TASK INPUT.
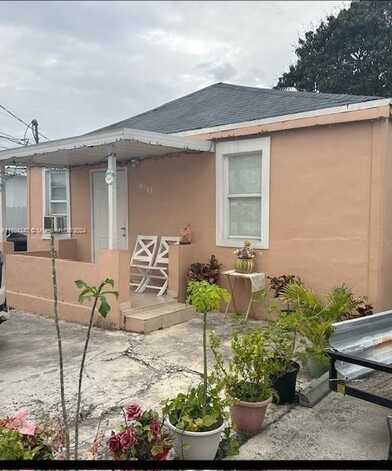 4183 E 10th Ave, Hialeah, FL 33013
--
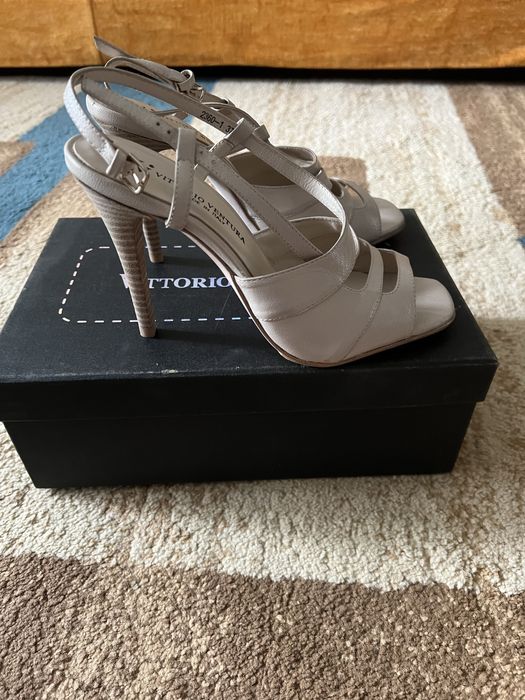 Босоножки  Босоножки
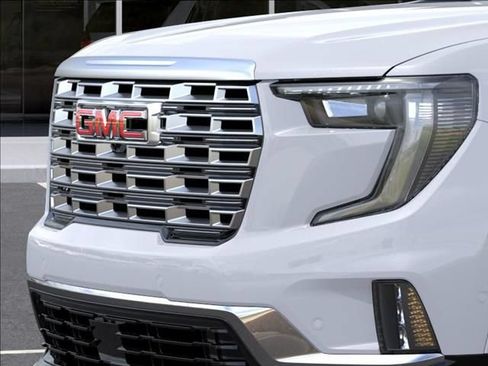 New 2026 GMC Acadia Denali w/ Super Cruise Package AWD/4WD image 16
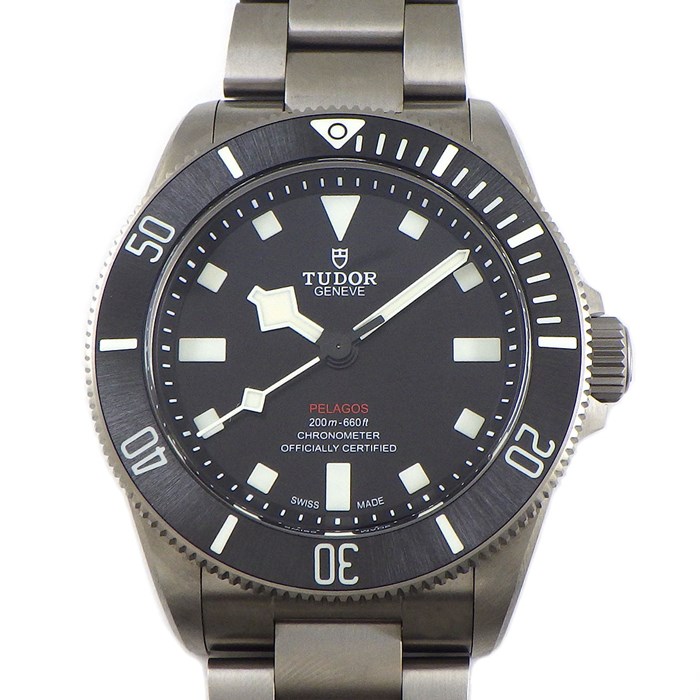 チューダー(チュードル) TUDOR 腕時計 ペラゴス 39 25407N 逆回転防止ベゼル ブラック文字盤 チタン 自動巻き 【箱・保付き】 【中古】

GOAL OF THE EXERCISE.
The result should be an exact copy of only the lines above from the one that holds "New 2026 GMC" through the one that holds "チューダー(チュードル) TUDOR 腕時計", both ends included, without pictures.

WRITTEN SOLUTION.
 New 2026 GMC Acadia Denali w/ Super Cruise Package AWD/4WD image 16
 チューダー(チュードル) TUDOR 腕時計 ペラゴス 39 25407N 逆回転防止ベゼル ブラック文字盤 チタン 自動巻き 【箱・保付き】 【中古】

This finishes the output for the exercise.